- **Task goal**:
An exact transcription is needed, starting at the line containing "Wide view showing" and running through the last line of the records, with every picture left out.

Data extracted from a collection
BEGIN

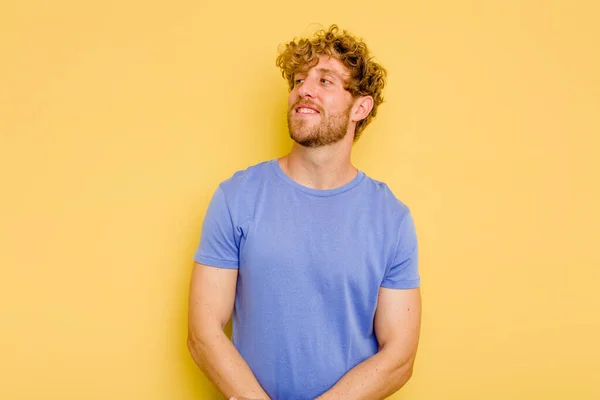 Young Caucasian Man Isolated Yellow Background Relaxed Happy Laughing Neck — Stock Photo, Image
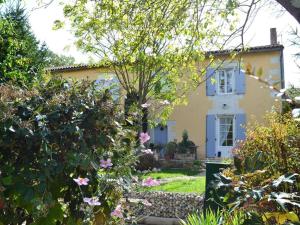 żółty dom z niebieskim oknem i kilkoma kwiatami w obiekcie Gîte familial avec jardin au bord de l'eau, terrasses, vélo, jeux, proche Charente, WiFi inclus - FR-1-653-189 w mieście Saint-Genis-dʼHiersac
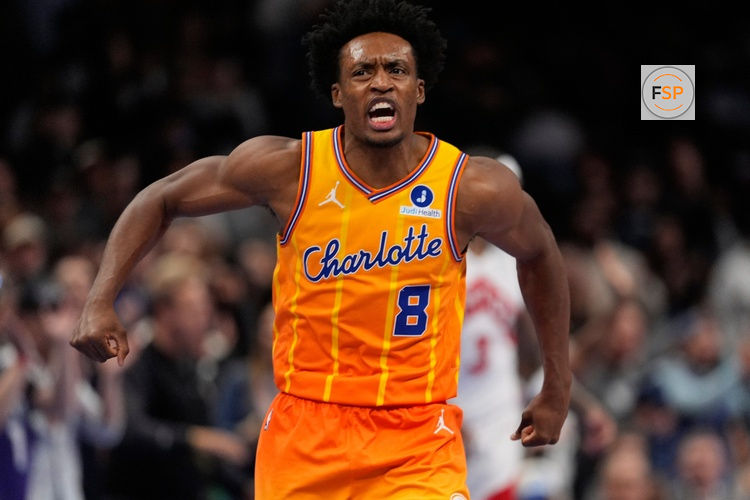 Nov 29, 2025; Charlotte, North Carolina, USA; Charlotte Hornets guard Collin Sexton (8) reacts after defeating the Toronto Raptors in overtime at Spectrum Center. Credit: Jim Dedmon-Imagn Images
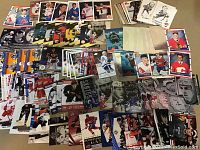 Wide view showing various NHL player hockey cards in a spread. Cards show different players, including a mix of color and monochrome photos, many featuring Calgary Flames players.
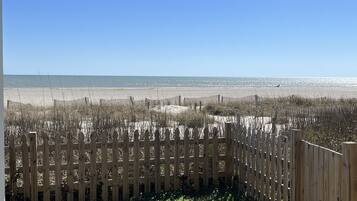 A wooden fence with a view of a beach and ocean.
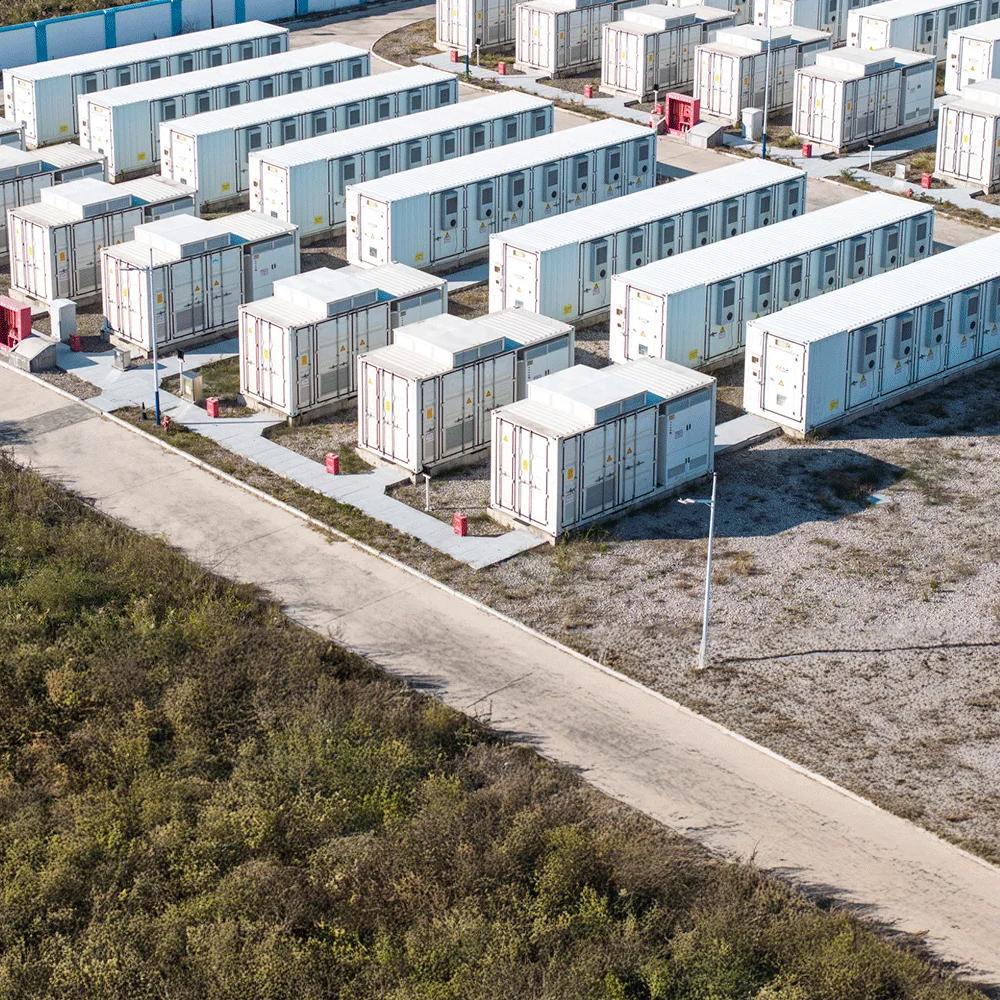 Aerial view of multiple rows of white industrial units outside.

END

- **Task response**:
 Wide view showing various NHL player hockey cards in a spread. Cards show different players, including a mix of color and monochrome photos, many featuring Calgary Flames players.
 A wooden fence with a view of a beach and ocean.
 Aerial view of multiple rows of white industrial units outside.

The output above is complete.